> **About this exercise**
Return the full listing exactly as it is written.

*-*-*

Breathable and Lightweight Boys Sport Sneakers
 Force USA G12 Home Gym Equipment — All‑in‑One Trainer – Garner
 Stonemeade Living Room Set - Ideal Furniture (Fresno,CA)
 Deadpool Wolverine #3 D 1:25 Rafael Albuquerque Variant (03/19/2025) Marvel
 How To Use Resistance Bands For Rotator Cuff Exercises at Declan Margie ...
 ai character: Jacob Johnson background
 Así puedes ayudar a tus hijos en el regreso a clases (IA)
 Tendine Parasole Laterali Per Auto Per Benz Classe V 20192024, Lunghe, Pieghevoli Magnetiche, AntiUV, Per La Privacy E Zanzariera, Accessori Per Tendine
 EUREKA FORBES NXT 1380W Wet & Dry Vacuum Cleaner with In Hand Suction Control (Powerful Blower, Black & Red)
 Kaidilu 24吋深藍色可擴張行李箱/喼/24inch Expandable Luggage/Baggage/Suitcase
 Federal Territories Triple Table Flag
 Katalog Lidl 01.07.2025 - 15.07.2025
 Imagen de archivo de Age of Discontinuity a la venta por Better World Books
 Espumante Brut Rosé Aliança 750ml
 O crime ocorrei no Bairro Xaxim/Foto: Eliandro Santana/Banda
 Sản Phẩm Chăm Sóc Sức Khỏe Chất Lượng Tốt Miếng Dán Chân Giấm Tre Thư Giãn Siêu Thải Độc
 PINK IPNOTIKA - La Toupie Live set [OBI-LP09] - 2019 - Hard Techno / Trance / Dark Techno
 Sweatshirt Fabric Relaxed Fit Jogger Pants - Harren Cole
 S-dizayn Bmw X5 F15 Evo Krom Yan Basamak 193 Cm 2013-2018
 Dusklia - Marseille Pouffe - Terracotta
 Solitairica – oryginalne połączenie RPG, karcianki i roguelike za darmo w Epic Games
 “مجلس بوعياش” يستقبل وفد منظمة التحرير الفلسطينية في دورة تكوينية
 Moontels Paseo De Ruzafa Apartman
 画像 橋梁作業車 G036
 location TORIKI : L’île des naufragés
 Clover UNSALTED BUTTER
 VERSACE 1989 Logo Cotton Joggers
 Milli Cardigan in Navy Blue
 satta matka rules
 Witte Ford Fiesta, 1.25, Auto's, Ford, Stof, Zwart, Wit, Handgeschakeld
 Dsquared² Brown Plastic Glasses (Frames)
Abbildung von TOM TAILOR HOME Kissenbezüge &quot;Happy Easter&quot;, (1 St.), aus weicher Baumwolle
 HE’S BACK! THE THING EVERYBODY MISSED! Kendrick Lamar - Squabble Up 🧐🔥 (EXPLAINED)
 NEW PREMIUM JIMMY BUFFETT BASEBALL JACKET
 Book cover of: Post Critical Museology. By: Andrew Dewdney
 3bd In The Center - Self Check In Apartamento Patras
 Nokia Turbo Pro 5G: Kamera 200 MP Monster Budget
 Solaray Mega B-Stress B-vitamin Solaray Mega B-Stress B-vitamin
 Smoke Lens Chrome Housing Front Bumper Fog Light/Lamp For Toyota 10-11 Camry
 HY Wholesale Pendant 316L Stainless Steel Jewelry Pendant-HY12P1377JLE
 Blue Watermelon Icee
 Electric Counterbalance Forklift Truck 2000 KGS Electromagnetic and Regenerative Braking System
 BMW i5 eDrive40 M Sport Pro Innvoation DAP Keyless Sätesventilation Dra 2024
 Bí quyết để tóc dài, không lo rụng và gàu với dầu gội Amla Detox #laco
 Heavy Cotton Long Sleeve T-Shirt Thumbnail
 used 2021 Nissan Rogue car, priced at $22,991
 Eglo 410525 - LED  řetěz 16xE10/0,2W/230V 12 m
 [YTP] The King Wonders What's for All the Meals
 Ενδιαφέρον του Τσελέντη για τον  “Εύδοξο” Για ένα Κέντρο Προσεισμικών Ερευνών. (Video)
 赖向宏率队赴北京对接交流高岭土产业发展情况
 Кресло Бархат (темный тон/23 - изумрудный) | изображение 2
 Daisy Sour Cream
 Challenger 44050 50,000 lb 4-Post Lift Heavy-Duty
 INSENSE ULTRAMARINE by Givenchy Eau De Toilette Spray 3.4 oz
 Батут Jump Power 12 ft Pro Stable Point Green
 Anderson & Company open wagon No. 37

*-*-*

> **Answer section**
Breathable and Lightweight Boys Sport Sneakers
 Force USA G12 Home Gym Equipment — All‑in‑One Trainer – Garner
 Stonemeade Living Room Set - Ideal Furniture (Fresno,CA)
 Deadpool Wolverine #3 D 1:25 Rafael Albuquerque Variant (03/19/2025) Marvel
 How To Use Resistance Bands For Rotator Cuff Exercises at Declan Margie ...
 ai character: Jacob Johnson background
 Así puedes ayudar a tus hijos en el regreso a clases (IA)
 Tendine Parasole Laterali Per Auto Per Benz Classe V 20192024, Lunghe, Pieghevoli Magnetiche, AntiUV, Per La Privacy E Zanzariera, Accessori Per Tendine
 EUREKA FORBES NXT 1380W Wet & Dry Vacuum Cleaner with In Hand Suction Control (Powerful Blower, Black & Red)
 Kaidilu 24吋深藍色可擴張行李箱/喼/24inch Expandable Luggage/Baggage/Suitcase
 Federal Territories Triple Table Flag
 Katalog Lidl 01.07.2025 - 15.07.2025
 Imagen de archivo de Age of Discontinuity a la venta por Better World Books
 Espumante Brut Rosé Aliança 750ml
 O crime ocorrei no Bairro Xaxim/Foto: Eliandro Santana/Banda
 Sản Phẩm Chăm Sóc Sức Khỏe Chất Lượng Tốt Miếng Dán Chân Giấm Tre Thư Giãn Siêu Thải Độc
 PINK IPNOTIKA - La Toupie Live set [OBI-LP09] - 2019 - Hard Techno / Trance / Dark Techno
 Sweatshirt Fabric Relaxed Fit Jogger Pants - Harren Cole
 S-dizayn Bmw X5 F15 Evo Krom Yan Basamak 193 Cm 2013-2018
 Dusklia - Marseille Pouffe - Terracotta
 Solitairica – oryginalne połączenie RPG, karcianki i roguelike za darmo w Epic Games
 “مجلس بوعياش” يستقبل وفد منظمة التحرير الفلسطينية في دورة تكوينية
 Moontels Paseo De Ruzafa Apartman
 画像 橋梁作業車 G036
 location TORIKI : L’île des naufragés
 Clover UNSALTED BUTTER
 VERSACE 1989 Logo Cotton Joggers
 Milli Cardigan in Navy Blue
 satta matka rules
 Witte Ford Fiesta, 1.25, Auto's, Ford, Stof, Zwart, Wit, Handgeschakeld
 Dsquared² Brown Plastic Glasses (Frames)
Abbildung von TOM TAILOR HOME Kissenbezüge &quot;Happy Easter&quot;, (1 St.), aus weicher Baumwolle
 HE’S BACK! THE THING EVERYBODY MISSED! Kendrick Lamar - Squabble Up 🧐🔥 (EXPLAINED)
 NEW PREMIUM JIMMY BUFFETT BASEBALL JACKET
 Book cover of: Post Critical Museology. By: Andrew Dewdney
 3bd In The Center - Self Check In Apartamento Patras
 Nokia Turbo Pro 5G: Kamera 200 MP Monster Budget
 Solaray Mega B-Stress B-vitamin Solaray Mega B-Stress B-vitamin
 Smoke Lens Chrome Housing Front Bumper Fog Light/Lamp For Toyota 10-11 Camry
 HY Wholesale Pendant 316L Stainless Steel Jewelry Pendant-HY12P1377JLE
 Blue Watermelon Icee
 Electric Counterbalance Forklift Truck 2000 KGS Electromagnetic and Regenerative Braking System
 BMW i5 eDrive40 M Sport Pro Innvoation DAP Keyless Sätesventilation Dra 2024
 Bí quyết để tóc dài, không lo rụng và gàu với dầu gội Amla Detox #laco
 Heavy Cotton Long Sleeve T-Shirt Thumbnail
 used 2021 Nissan Rogue car, priced at $22,991
 Eglo 410525 - LED  řetěz 16xE10/0,2W/230V 12 m
 [YTP] The King Wonders What's for All the Meals
 Ενδιαφέρον του Τσελέντη για τον  “Εύδοξο” Για ένα Κέντρο Προσεισμικών Ερευνών. (Video)
 赖向宏率队赴北京对接交流高岭土产业发展情况
 Кресло Бархат (темный тон/23 - изумрудный) | изображение 2
 Daisy Sour Cream
 Challenger 44050 50,000 lb 4-Post Lift Heavy-Duty
 INSENSE ULTRAMARINE by Givenchy Eau De Toilette Spray 3.4 oz
 Батут Jump Power 12 ft Pro Stable Point Green
 Anderson & Company open wagon No. 37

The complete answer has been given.